Quintin Pope comments on On how various plans miss the hard bits of the alignment challenge

Quintin Pope Jul 12, 2022, 5:49 AM
LW: 33 AF: 18
9
AF
I don’t think that “evolution → human values” is the most useful reference class when trying to calibrate our expectations wrt how outer optimization criteria relate to inner objectives. Evolution didn’t directly optimize over our goals. It optimized over our learning process and reward circuitry. Once you condition on a particular human’s learning process + reward circuitry configuration + the human’s environment, you screen off the influence of evolution on that human’s goals. So, there are really two areas from which you can draw evidence about inner (mis)alignment:
- “evolution’s inclusive genetic fitness criteria → a human’s learned values” (as mediated by evolution’s influence over the human’s learning process + reward circuitry)
- “a particular human’s learning process + reward circuitry + “training” environment → the human’s learned values”
The relationship we want to make inferences about is:
- “a particular AI’s learning process + reward function + training environment → the AI’s learned values”
I think that “AI learning → AI values” is much more similar to “human learning → human values” than it is to “evolution → human values”. I grant that you can find various dissimilarities between “AI learning → AI values” and “human learning → human values”. However, I think there are greater dissimilarities between “AI learning → AI values” and “evolution → human values”. As a result, I think the vast majority of our intuitions regarding the likely outcomes of inner goals versus outer optimization should come from looking at the “human learning → human values” analogy, not the “evolution → human values” analogy.

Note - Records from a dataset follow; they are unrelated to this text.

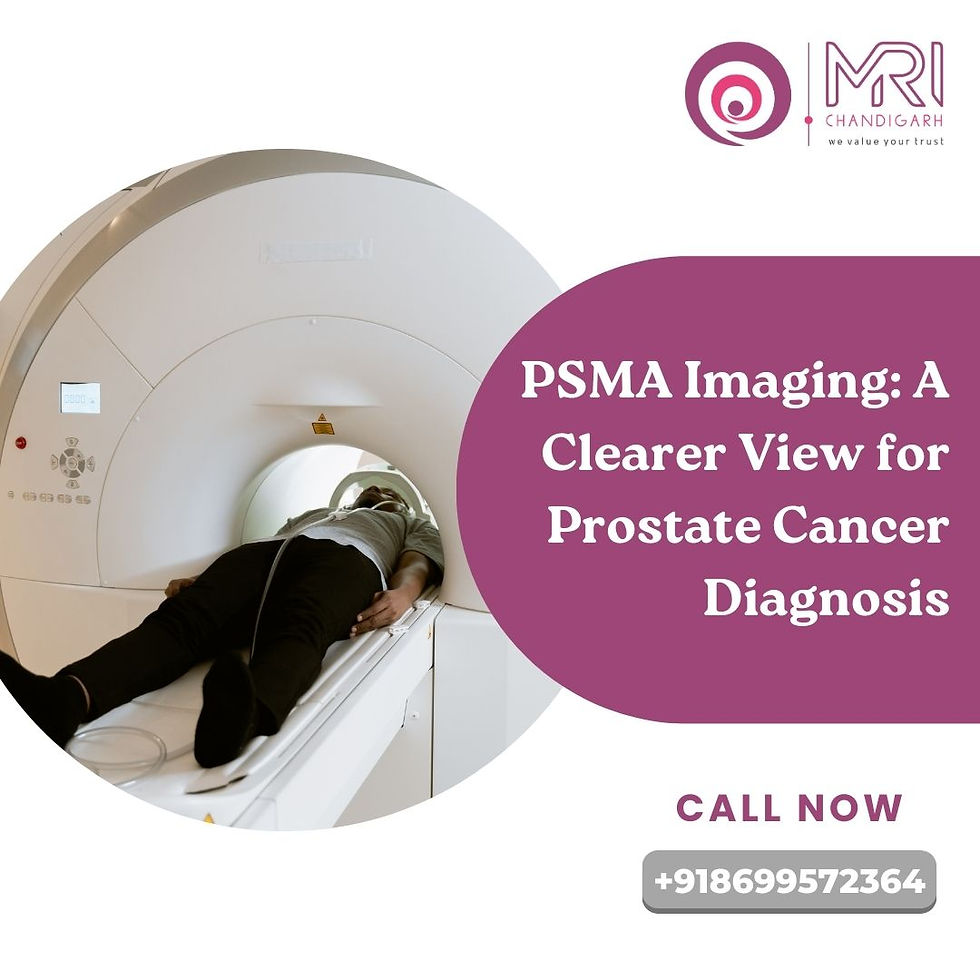 PSMA Imaging: A Clearer View for Prostate Cancer Diagnosis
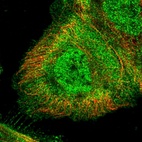 Anti-ZDBF2 Antibody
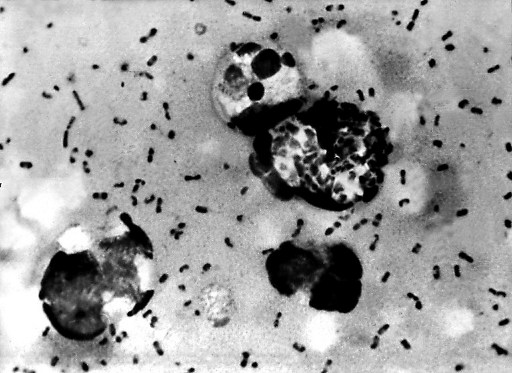 China diagnoses third case of bubonic plague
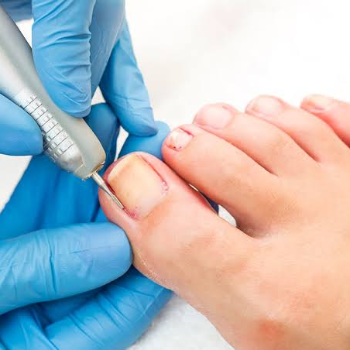 MINOR SURGERY -NAIL REMOVAL | Ayush Speciality Clinic | Pune, Maharashtra 411060, India
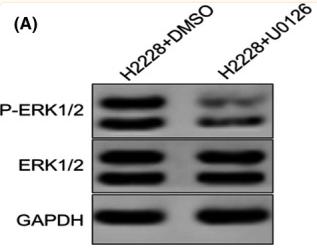 ERK1/2 Antibody - FIGURE 1
Ceritinib reduces programmed cell death ligand‐1 (PD‐L1) expression through the ERK signaling pathway in H2228 cells.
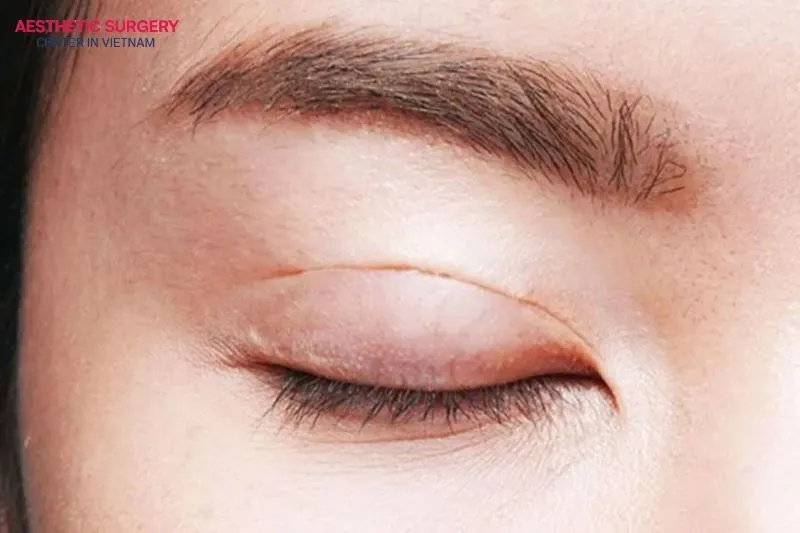 The suture eyelid method is usually suitable for those with thin eyelid skin, where the surgeon uses specialized threads to connect the skin and muscle to form the crease.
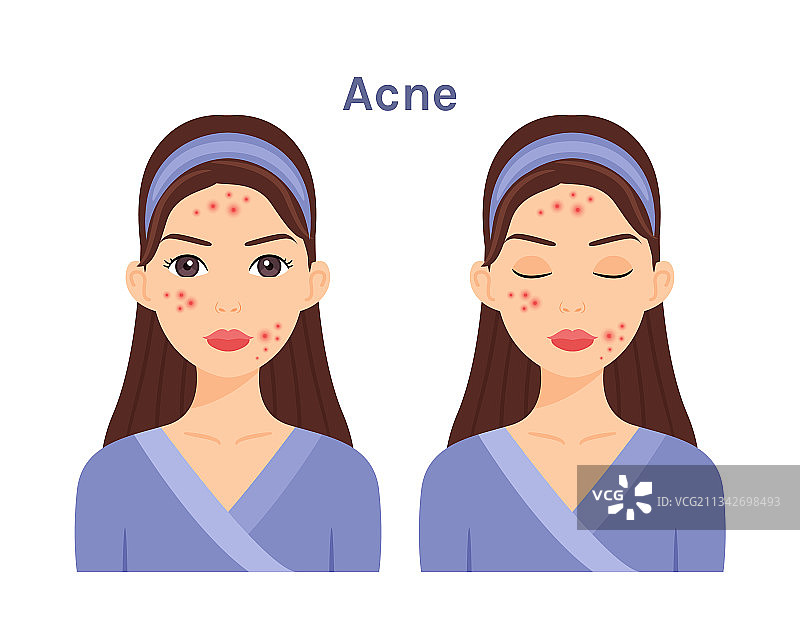 有粉刺问题的漂亮女人图片素材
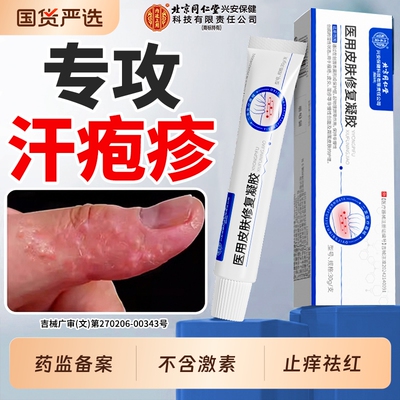 【汗疱疹专用】热销No.I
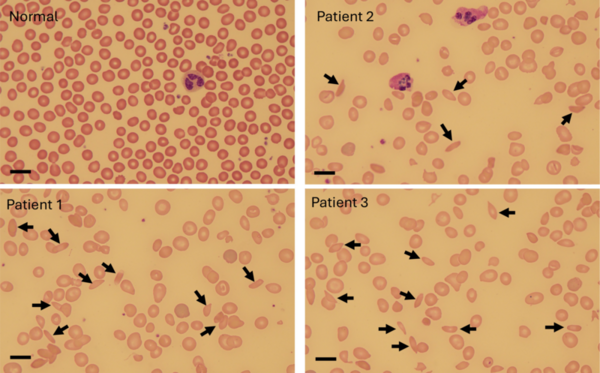 Predicting sickle cell vaso-occlusion by microscopic imaging and modeling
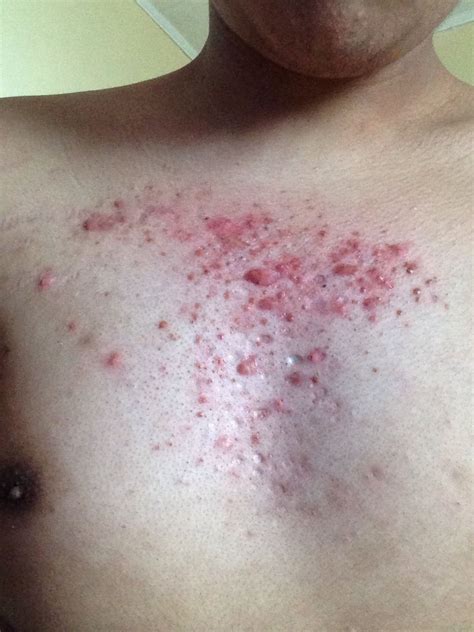 Please Help Me Treat My Severe Chest Acne General Acne Discussion Forum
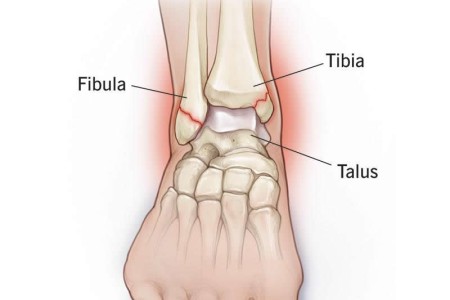 Broken Ankle (Fractured Ankle)
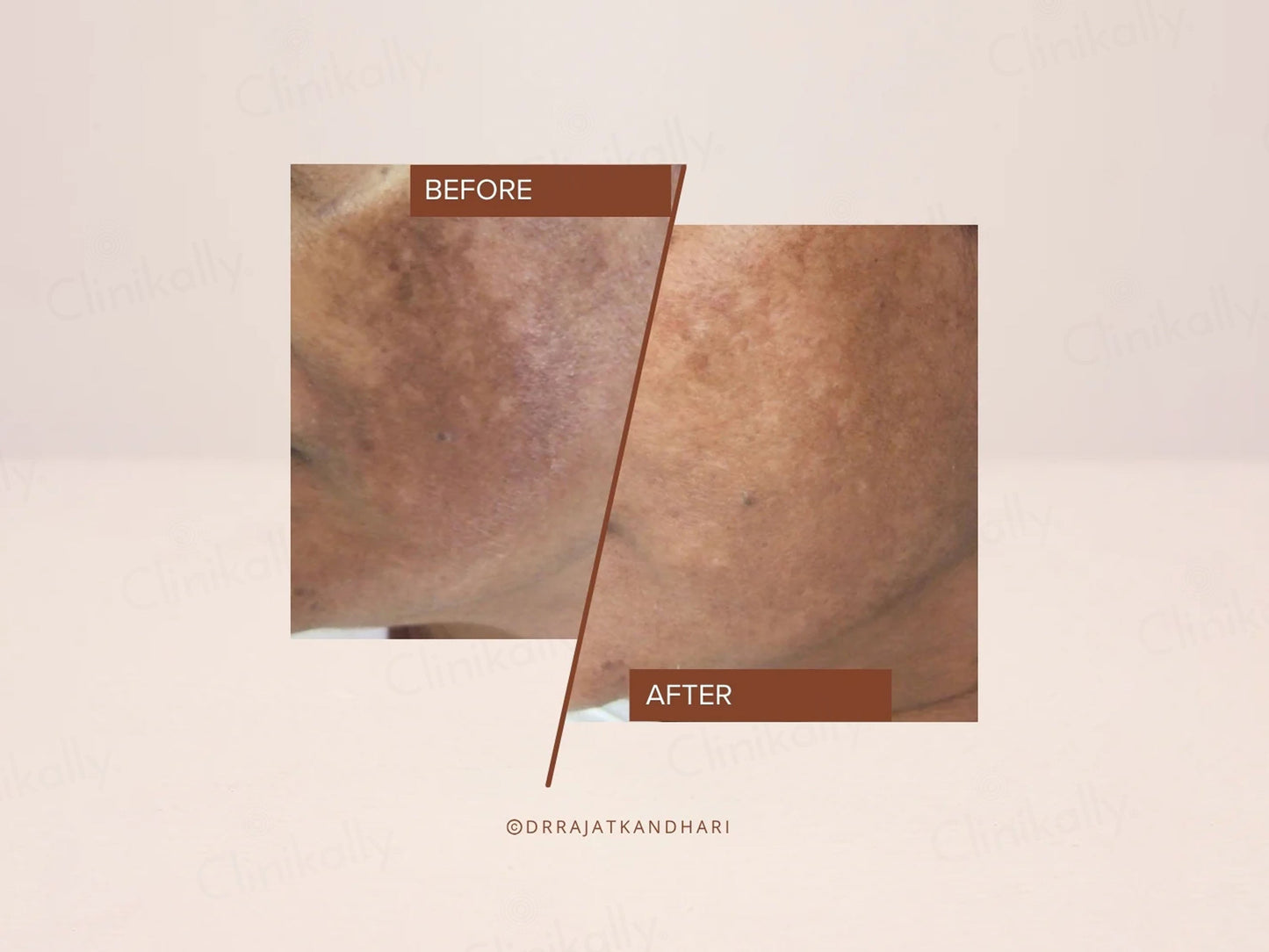 The Facecraft Project Exfoliate Brightening Smoothening Depigmentation Serum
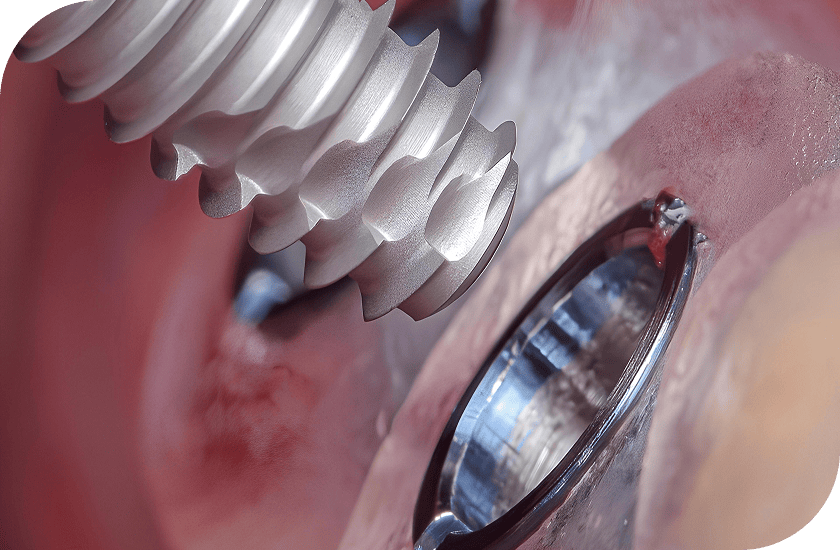 임플란트 재수술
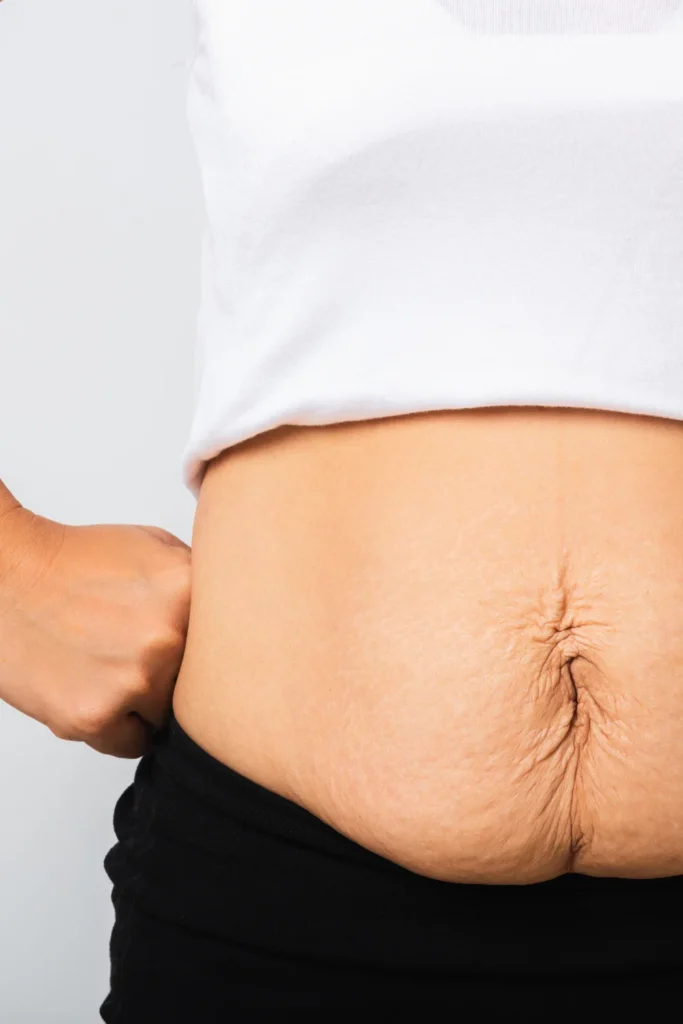 how to tighten loose skin after weight loss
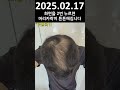 수술없이 탈모관리하는 저만의 모든 경험 노하우 모두 공개할 예정입니다. ep 113 2025.02.17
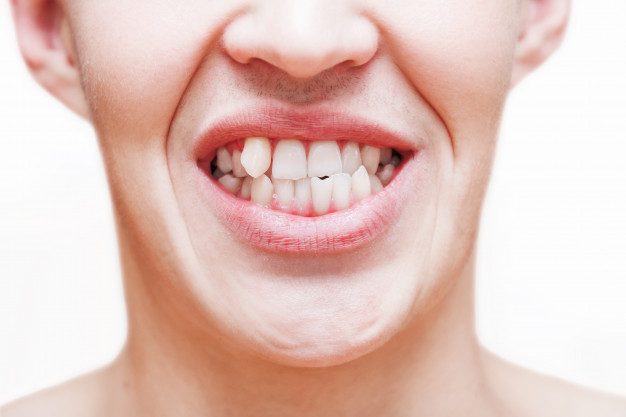 What Causes Crooked Teeth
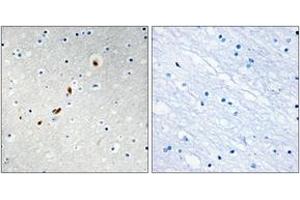 Immunohistochemistry analysis of paraffin-embedded human brain tissue, using ZNF596 Antibody. (ZNF596 anticorps  (AA 261-310))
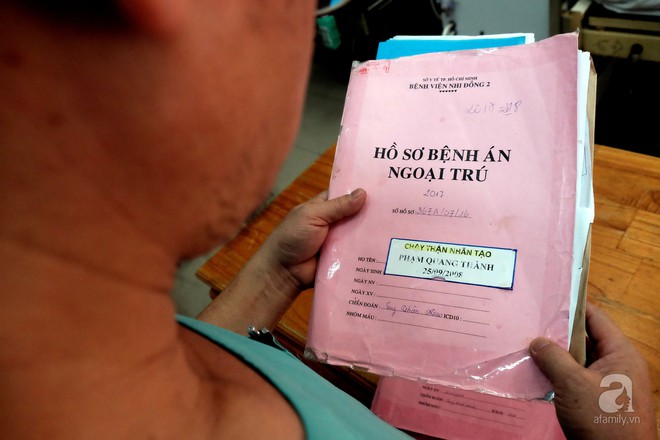 Tết trong bệnh viện của những đứa trẻ chạy thận: Tay sưng vù vì vết kim châm - Ảnh 14. Tết trong bệnh viện của những đứa trẻ chạy thận: Tay sưng vù vì vết kim châm - Ảnh 14.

Additionally, I think we have a lot more total empirical evidence from “human learning → human values” compared to from “evolution → human values”. There are billions of instances of humans, and each of them have somewhat different learning processes / reward circuit configurations / learning environments. Each of them represents a different data point regarding how inner goals relate to outer optimization. In contrast, the human species only evolved once^[1]. Thus, evidence from “human learning → human values” should account for even more of our intuitions regarding inner goals versus outer optimization than the difference in reference class similarities alone would indicate.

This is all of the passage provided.